We finally reached the millenian city of Berat, now a UNESCO World Heritage Site, which is built on both sides of the Osum river. Its old Byzantine citadel overlooks the modern part of town that spreads out on terraced terrain where several are the churches containing works by the well known, 16th century painter Onufri.
Before visiting the local sights, we had a late, but marvelous lunch at Castle Park, a new establishment on one of the hilly sides of the town, on the road to Gorica, where we sampled a few of the dishes typical of this area. The stuffed olives, eggplants, grape leaves with rice, the roasted lamb and grilled meats had extremely delicate flavors and were totally delectable!
After re-crossing the river we ascended to the old part of town and its towering fortress. I then realized that we were entering this area from the opposite site that was used 13 years ago during my first visit here. Through a large, arched passage we began to climb on foot the white and yellow stone, polished, narrow streets in search of the Onufri Museum.
It's not easy to walk steep uphills after a full meal, but the effort was worth it! We spent a considerable amount of time here, especially inside the Cathedral of St. Nicholas where we received extensive explanations from a woman that also runs the nearby souvenir shop.
The exquisite, intricate, and elaborate woodwork covered with layers of gold is the result of dedicated years of work on the part of 45 artists (click on any picture to see details)

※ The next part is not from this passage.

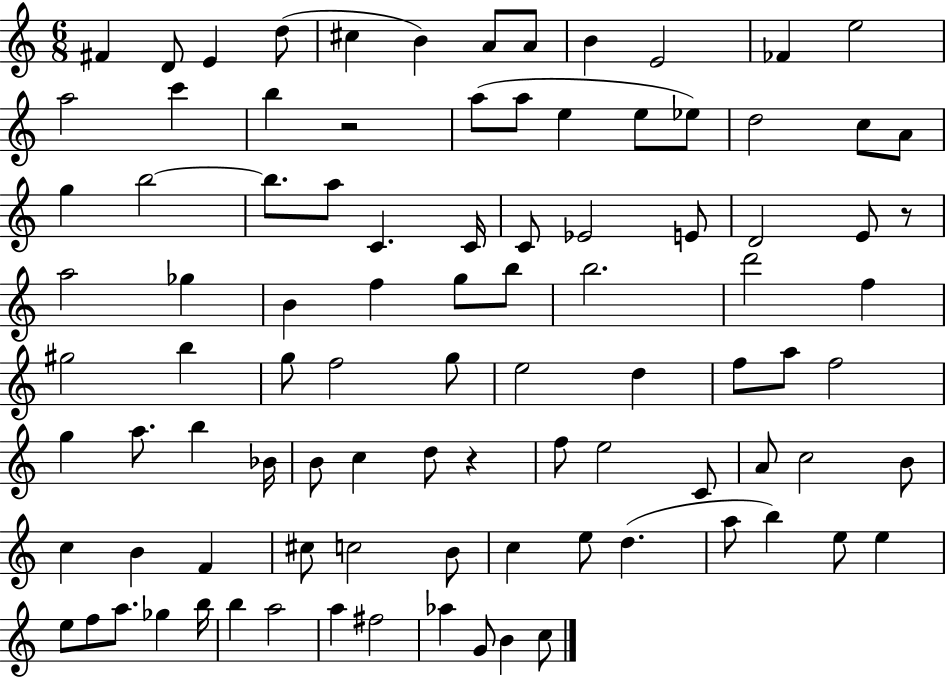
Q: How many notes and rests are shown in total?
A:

Innumerable are the icons of all sizes, and outstanding is the one below by Onufri, dating back to the 1600's, of the "Madonna and Child". It's interestingly odd that the the 'child' here is depicted on the right arm, instead of the usual left.
Onufri was a master of the technique of frescos and icons, and the first to use the pink color in painting, which the French named "Onufri's Red".
Berat is an Ottoman town, considered one of the oldest in Albania with settlements dating back to at least to the 6th century B.C.. It's known as the "Town of a Thousand Windows" due to the peculiar type of architecture of its houses, most of which have upper windows overhanging the ones at the lower level.
As the evening was setting in and the bright, orange color sun was disappearing in the western horizon, we started our return to Tirana, via another route, and covered the 94km to the capital in about 2 1/2 hours. It was a long, but perfect day overall.